_Task requirements_
Reproduce only the lines of the material below that start at the line containing "EF-55312 Тележка инструментальная" and stop at the line containing "LOYALLOOK 14K Real". Keep both end lines.

_Working data_
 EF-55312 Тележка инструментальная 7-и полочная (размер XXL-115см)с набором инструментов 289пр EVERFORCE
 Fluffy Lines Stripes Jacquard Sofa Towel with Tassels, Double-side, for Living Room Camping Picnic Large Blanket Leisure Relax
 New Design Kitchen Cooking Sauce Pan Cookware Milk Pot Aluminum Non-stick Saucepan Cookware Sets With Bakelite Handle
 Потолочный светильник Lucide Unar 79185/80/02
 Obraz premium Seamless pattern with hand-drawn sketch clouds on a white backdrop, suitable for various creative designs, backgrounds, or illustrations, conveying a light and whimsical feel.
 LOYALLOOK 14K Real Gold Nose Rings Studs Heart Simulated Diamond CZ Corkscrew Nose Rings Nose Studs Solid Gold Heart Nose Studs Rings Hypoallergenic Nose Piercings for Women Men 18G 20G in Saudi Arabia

...

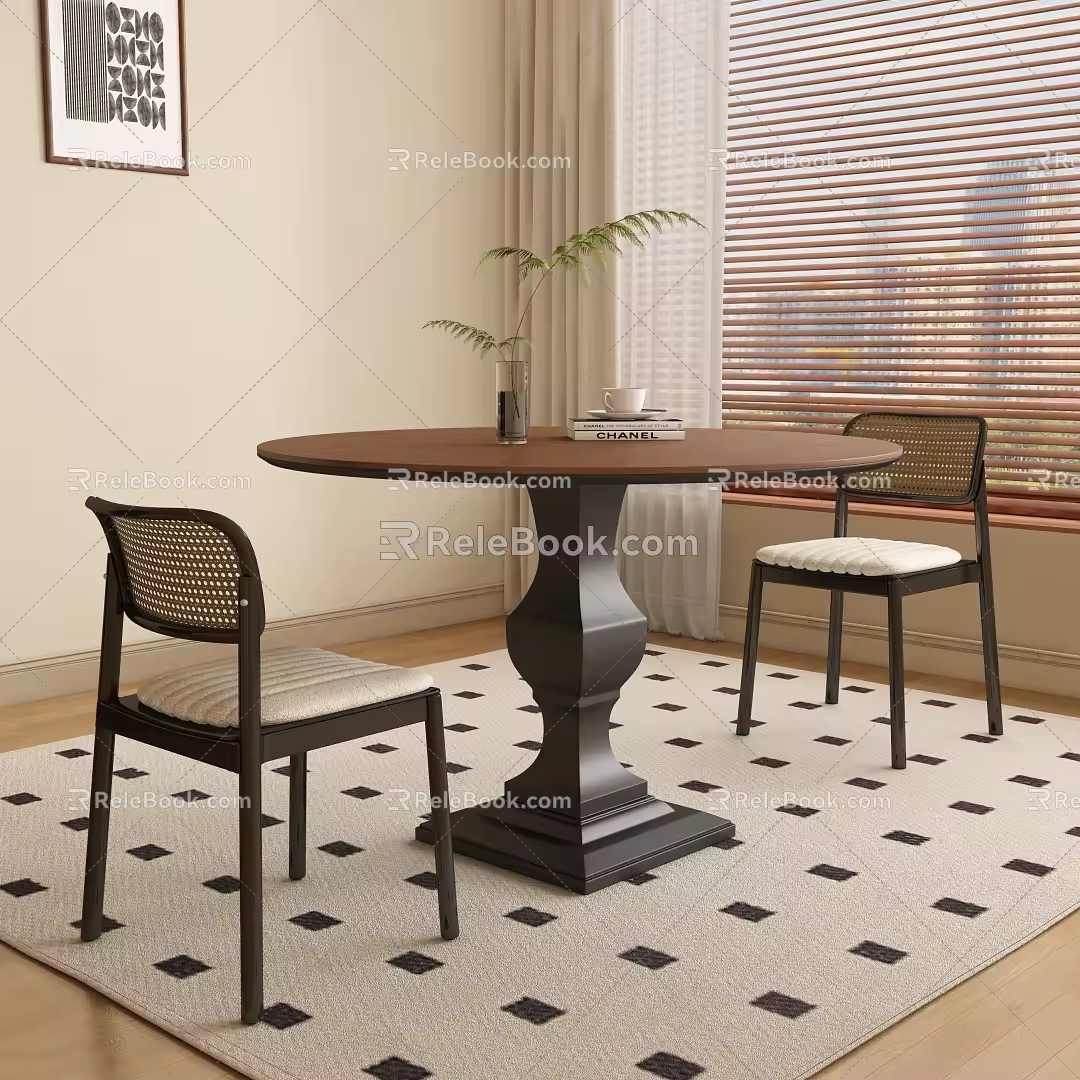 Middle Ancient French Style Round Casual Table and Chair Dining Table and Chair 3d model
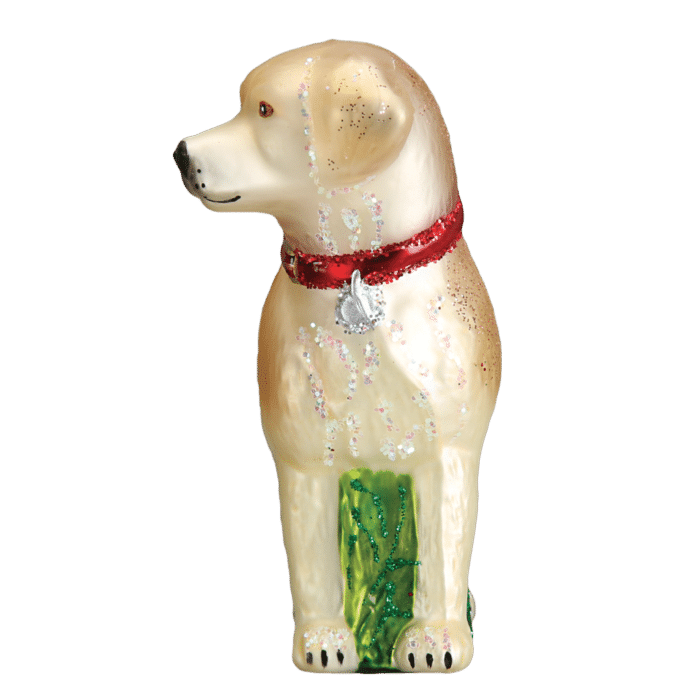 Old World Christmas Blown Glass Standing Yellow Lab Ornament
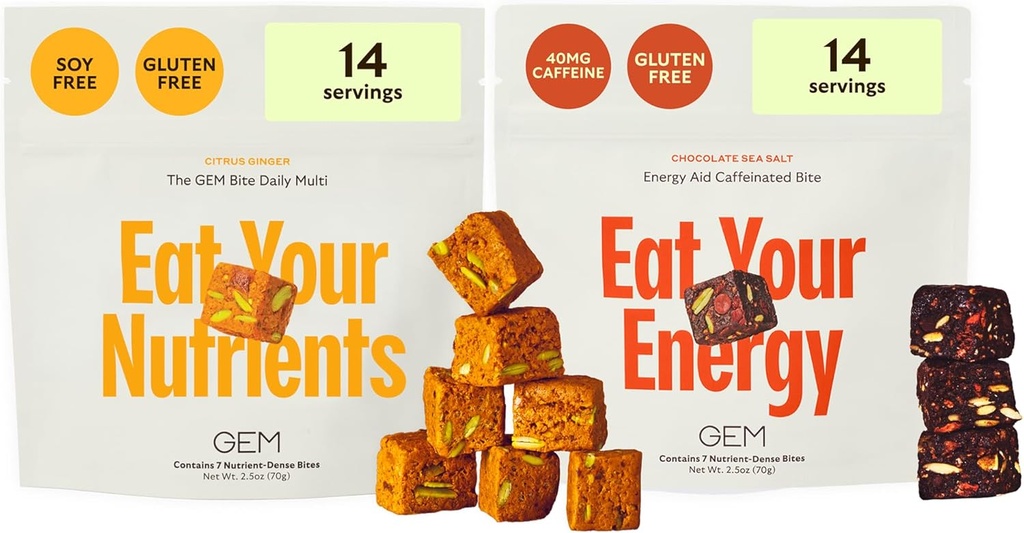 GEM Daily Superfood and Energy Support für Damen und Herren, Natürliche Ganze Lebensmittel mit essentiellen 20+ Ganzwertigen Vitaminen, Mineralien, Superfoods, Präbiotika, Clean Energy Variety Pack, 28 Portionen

_Written response_
 EF-55312 Тележка инструментальная 7-и полочная (размер XXL-115см)с набором инструментов 289пр EVERFORCE
 Fluffy Lines Stripes Jacquard Sofa Towel with Tassels, Double-side, for Living Room Camping Picnic Large Blanket Leisure Relax
 New Design Kitchen Cooking Sauce Pan Cookware Milk Pot Aluminum Non-stick Saucepan Cookware Sets With Bakelite Handle
 Потолочный светильник Lucide Unar 79185/80/02
 Obraz premium Seamless pattern with hand-drawn sketch clouds on a white backdrop, suitable for various creative designs, backgrounds, or illustrations, conveying a light and whimsical feel.
 LOYALLOOK 14K Real Gold Nose Rings Studs Heart Simulated Diamond CZ Corkscrew Nose Rings Nose Studs Solid Gold Heart Nose Studs Rings Hypoallergenic Nose Piercings for Women Men 18G 20G in Saudi Arabia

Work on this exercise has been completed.